The El Paso Mountains are located in the northern Mojave Desert, in central Southern California in the Western United States.

==Geography==
The range lies in a southwest-northeasterly direction east of State Route 14, and north of the Rand Mountains and Randsburg Red Rock Road. Red Rock Canyon State Park lies at the western end of the range.

The mountain range is approximately 18 mi long. It is 16 mi north−northeast of California City, and south of Ridgecrest and Inyokern. Highway 395 crosses the range near Johannesburg.

Black Mountain is the highest point of the range at 5244 ft.

==Features==
The El Paso Mountains Wilderness Area is within the range, managed by the BLM−Bureau of Land Management.

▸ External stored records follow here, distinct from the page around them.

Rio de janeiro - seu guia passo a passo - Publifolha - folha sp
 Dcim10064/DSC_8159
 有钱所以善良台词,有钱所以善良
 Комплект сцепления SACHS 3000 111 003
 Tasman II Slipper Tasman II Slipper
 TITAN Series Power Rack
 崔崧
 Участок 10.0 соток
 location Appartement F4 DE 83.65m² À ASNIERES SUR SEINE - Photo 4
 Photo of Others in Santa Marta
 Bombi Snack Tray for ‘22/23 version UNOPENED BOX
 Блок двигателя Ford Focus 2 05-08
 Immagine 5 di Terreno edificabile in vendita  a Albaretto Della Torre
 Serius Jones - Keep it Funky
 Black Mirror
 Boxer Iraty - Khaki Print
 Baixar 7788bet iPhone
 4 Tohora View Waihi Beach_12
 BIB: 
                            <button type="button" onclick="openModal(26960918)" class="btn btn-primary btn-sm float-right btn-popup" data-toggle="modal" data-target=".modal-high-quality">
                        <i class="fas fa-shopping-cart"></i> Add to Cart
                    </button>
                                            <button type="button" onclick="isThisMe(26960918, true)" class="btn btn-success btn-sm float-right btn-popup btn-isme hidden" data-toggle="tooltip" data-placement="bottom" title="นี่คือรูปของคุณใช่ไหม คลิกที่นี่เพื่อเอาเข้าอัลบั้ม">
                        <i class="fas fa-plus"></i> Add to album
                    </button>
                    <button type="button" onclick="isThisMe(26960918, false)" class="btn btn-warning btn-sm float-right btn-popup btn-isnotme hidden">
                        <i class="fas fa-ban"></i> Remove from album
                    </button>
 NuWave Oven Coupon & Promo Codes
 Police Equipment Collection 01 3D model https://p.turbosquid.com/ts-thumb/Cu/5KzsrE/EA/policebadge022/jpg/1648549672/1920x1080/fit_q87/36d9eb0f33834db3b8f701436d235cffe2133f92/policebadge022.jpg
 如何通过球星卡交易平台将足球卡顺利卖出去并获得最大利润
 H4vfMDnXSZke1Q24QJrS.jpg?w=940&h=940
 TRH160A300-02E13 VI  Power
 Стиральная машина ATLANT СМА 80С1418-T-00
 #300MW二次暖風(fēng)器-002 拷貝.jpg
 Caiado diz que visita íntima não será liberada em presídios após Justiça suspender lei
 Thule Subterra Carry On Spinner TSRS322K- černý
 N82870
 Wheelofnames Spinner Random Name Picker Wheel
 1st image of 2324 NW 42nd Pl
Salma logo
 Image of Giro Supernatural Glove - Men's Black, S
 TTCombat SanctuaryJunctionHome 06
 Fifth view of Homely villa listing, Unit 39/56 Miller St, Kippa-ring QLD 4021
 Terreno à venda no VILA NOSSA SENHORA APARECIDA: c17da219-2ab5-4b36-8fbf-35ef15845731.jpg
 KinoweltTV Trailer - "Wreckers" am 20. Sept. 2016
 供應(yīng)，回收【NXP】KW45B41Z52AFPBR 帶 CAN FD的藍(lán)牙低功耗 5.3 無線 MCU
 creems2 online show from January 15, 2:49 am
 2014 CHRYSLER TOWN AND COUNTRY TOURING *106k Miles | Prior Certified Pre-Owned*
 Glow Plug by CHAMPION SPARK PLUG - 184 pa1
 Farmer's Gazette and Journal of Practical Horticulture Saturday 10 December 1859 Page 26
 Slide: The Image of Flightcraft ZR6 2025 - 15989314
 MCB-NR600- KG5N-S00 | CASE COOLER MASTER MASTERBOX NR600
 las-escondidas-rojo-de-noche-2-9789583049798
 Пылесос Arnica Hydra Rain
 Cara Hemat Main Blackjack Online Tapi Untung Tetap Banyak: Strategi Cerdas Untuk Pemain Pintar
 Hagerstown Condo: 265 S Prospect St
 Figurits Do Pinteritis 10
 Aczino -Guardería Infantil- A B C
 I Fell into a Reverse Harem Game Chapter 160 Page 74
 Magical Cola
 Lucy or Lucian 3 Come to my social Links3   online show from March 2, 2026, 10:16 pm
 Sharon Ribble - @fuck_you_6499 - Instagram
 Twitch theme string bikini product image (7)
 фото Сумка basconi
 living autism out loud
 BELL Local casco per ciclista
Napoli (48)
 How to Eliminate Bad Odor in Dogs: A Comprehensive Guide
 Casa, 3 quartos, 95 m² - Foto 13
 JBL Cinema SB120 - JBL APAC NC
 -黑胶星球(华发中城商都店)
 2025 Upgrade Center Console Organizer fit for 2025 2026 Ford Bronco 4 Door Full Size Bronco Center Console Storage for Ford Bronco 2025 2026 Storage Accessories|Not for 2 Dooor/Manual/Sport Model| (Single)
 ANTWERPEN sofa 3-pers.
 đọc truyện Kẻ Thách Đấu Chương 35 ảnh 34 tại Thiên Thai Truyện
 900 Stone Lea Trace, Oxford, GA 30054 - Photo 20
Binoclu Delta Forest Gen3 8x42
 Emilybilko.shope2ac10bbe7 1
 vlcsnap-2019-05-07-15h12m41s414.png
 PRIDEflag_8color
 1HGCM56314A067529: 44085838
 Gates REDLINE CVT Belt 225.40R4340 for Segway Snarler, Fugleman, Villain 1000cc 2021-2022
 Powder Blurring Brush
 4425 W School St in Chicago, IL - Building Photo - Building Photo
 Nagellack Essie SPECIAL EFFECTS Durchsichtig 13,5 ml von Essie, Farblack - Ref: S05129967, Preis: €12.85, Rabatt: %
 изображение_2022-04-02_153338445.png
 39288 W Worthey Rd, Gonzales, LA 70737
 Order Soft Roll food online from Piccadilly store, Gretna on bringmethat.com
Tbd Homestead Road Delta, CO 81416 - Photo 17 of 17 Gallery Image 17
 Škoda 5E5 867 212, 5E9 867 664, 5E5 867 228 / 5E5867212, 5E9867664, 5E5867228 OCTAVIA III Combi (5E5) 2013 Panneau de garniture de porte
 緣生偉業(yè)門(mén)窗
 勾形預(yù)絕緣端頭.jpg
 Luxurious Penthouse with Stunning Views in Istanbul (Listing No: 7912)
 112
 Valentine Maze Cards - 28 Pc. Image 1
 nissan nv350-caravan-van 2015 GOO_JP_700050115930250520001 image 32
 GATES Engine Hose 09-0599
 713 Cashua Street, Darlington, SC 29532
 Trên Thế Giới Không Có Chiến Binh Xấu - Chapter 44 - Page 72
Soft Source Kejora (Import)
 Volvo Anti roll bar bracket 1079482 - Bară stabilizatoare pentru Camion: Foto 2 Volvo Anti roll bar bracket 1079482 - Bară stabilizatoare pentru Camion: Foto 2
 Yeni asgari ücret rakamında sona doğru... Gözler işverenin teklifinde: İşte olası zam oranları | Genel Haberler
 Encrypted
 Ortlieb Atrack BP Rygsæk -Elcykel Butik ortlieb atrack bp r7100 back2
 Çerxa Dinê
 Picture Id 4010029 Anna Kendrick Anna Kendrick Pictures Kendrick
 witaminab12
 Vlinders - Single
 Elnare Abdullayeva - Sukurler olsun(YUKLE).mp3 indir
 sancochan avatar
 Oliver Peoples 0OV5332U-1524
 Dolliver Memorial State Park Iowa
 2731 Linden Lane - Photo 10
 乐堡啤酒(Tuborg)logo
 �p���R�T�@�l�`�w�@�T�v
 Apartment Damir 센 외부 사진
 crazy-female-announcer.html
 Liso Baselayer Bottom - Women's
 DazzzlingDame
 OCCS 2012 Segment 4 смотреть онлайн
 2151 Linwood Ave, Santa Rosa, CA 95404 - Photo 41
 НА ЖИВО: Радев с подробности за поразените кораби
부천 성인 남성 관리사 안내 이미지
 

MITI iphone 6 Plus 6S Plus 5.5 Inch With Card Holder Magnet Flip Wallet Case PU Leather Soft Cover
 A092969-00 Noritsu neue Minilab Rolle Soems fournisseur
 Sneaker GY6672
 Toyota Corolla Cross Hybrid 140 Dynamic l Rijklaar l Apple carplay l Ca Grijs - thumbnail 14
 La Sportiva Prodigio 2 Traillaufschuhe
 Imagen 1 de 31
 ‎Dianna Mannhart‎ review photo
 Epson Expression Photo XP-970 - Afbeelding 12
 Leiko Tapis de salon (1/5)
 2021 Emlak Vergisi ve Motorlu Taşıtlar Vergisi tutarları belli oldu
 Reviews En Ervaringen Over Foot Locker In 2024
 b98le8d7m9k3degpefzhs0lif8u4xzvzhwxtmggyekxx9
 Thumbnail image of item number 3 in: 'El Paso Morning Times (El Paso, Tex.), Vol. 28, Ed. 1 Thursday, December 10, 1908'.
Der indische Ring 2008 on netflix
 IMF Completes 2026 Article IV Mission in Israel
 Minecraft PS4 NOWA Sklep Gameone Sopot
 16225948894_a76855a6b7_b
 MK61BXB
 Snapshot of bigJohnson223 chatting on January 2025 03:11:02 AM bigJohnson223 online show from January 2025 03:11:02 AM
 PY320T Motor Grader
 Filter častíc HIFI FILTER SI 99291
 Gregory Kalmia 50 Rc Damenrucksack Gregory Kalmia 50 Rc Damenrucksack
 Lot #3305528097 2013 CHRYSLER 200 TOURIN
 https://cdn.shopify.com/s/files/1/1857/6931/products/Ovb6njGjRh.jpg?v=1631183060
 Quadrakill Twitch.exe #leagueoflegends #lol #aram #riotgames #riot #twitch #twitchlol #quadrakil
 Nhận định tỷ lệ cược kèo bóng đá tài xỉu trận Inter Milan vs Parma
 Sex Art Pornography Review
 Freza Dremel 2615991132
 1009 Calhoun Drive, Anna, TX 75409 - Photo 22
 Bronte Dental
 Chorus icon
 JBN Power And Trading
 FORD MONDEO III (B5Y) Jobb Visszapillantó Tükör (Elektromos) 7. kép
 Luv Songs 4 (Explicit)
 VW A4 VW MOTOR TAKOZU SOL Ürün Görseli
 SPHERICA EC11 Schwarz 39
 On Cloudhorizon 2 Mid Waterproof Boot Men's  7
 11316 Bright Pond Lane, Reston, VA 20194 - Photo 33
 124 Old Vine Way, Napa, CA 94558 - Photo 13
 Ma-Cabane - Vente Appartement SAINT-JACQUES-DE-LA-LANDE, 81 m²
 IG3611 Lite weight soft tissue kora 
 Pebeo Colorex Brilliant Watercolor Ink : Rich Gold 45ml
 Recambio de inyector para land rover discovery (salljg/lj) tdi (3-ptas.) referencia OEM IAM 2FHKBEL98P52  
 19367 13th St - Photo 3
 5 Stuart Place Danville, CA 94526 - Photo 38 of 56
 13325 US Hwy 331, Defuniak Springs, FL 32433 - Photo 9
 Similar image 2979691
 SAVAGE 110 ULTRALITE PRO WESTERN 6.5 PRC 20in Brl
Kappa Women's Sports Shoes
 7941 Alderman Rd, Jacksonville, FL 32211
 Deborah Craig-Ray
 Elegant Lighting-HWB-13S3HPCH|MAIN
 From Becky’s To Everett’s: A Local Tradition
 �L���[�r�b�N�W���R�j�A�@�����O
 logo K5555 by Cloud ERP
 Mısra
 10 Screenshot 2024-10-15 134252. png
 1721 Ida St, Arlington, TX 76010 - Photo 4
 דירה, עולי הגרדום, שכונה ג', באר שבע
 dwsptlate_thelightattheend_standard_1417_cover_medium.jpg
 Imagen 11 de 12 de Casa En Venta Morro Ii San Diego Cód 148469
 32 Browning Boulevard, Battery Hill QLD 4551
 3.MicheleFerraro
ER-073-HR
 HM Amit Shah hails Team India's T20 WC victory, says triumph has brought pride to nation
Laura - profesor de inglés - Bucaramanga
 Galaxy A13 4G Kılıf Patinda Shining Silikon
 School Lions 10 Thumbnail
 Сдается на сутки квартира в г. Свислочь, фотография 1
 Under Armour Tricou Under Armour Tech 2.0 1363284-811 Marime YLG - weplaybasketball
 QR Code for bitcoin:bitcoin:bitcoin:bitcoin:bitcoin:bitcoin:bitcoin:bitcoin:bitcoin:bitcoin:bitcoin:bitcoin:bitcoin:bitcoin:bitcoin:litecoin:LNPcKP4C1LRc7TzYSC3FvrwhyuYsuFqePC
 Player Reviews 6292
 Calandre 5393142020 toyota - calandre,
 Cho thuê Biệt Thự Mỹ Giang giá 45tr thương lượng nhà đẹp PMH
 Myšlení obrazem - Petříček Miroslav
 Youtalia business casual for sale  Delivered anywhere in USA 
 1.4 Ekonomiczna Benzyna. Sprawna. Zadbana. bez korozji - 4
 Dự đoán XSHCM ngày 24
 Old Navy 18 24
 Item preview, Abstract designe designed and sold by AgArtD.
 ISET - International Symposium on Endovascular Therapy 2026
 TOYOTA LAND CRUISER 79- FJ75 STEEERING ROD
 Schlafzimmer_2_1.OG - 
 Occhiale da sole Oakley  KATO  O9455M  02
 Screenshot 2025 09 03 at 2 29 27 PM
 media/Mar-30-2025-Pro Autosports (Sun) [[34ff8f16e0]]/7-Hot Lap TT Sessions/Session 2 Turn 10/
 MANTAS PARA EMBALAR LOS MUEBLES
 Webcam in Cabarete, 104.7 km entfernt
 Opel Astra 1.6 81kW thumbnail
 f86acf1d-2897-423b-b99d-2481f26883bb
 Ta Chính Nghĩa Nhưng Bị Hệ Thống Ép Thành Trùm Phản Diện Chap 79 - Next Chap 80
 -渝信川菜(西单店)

The Last Chance Archaeological District, within the wilderness area, is listed on the National Register of Historic Places listings in Kern County, California.

Vegetation primarily consists of creosote bush (Larrea tridentata) scrub community, with Joshua trees (Yucca brevifolia) on the western side of the range.

The Burro Schmidt Tunnel, a mining ore transport tunnel dug by hand by William "Burro" H. Schmidt between 1906 and 1938, goes through the El Paso Mountains. Its southern portal overlooks the ghost town of Garlock.

==Prehistory==
The Coso People were early Native American inhabitants of this mountain range. They created extensive carvings in rock within the El Paso and neighboring mountains, and conducted considerable trade with other tribes as distant as the Chumash on the Pacific coast.